Required work ->
Pictures are not part of the copy; reproduce the remaining data exactly.

Dataset section ->
=-=-=

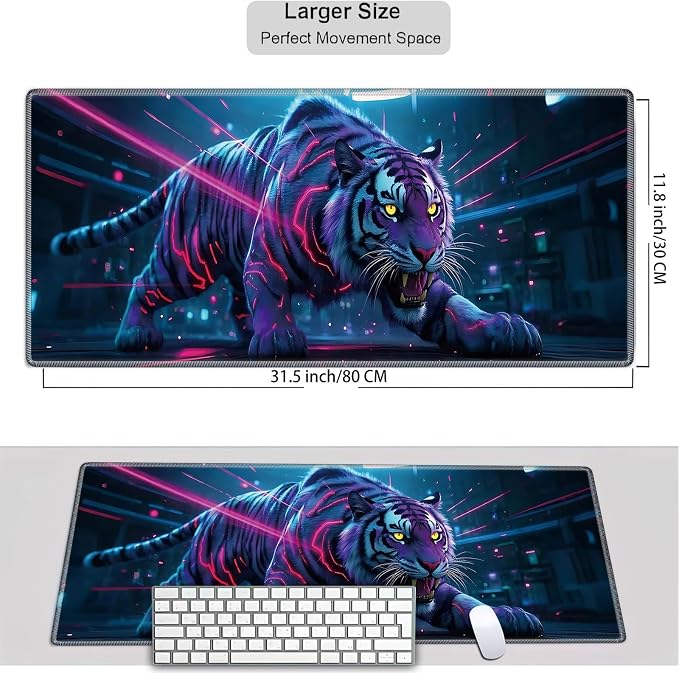 Mouse Pad Gaming Mousepad 31.5x11.8 Inch XXL Large + Coasters,Desk Mat with Stitched Edges, Non-Slip Rubber Base, Thick Mouse Pad for Computer, Laptop, Office & Home - Tiger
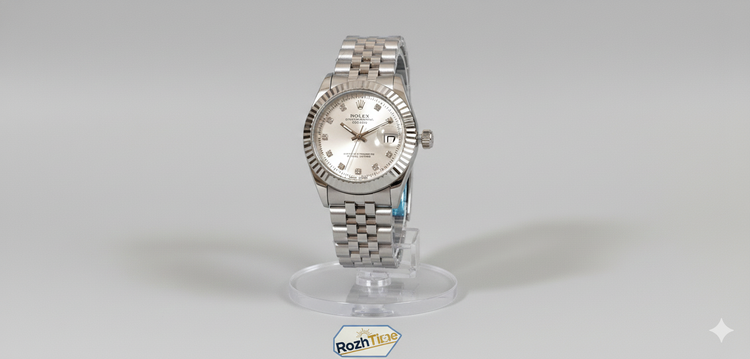 ساعت طرح رولکس زنانه استیل تقویم دار صفحه سفید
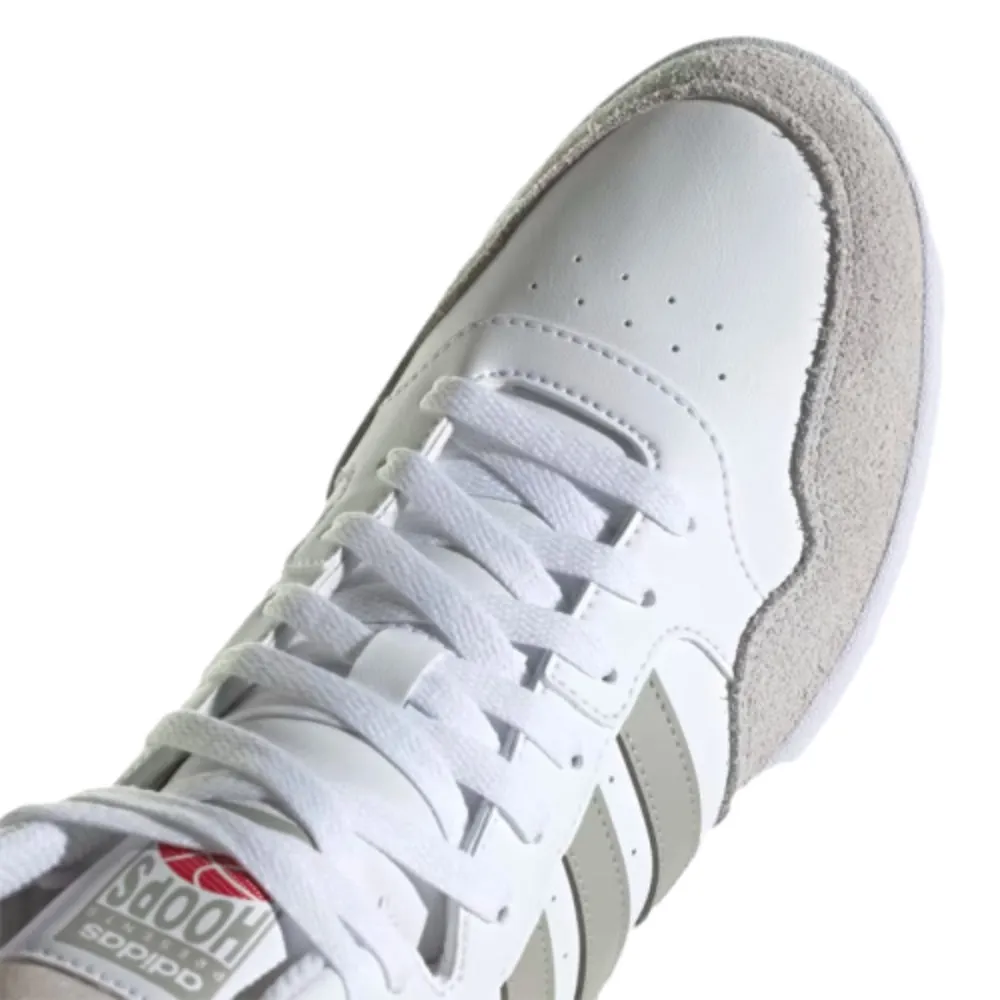 Adidas Men's Hoops 3.0 Mid Classic Vintage Basketball Shoe (Cloud White/Metal Grey/Grey One)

=-=-=

Written answer ->
 Mouse Pad Gaming Mousepad 31.5x11.8 Inch XXL Large + Coasters,Desk Mat with Stitched Edges, Non-Slip Rubber Base, Thick Mouse Pad for Computer, Laptop, Office & Home - Tiger
 ساعت طرح رولکس زنانه استیل تقویم دار صفحه سفید
 Adidas Men's Hoops 3.0 Mid Classic Vintage Basketball Shoe (Cloud White/Metal Grey/Grey One)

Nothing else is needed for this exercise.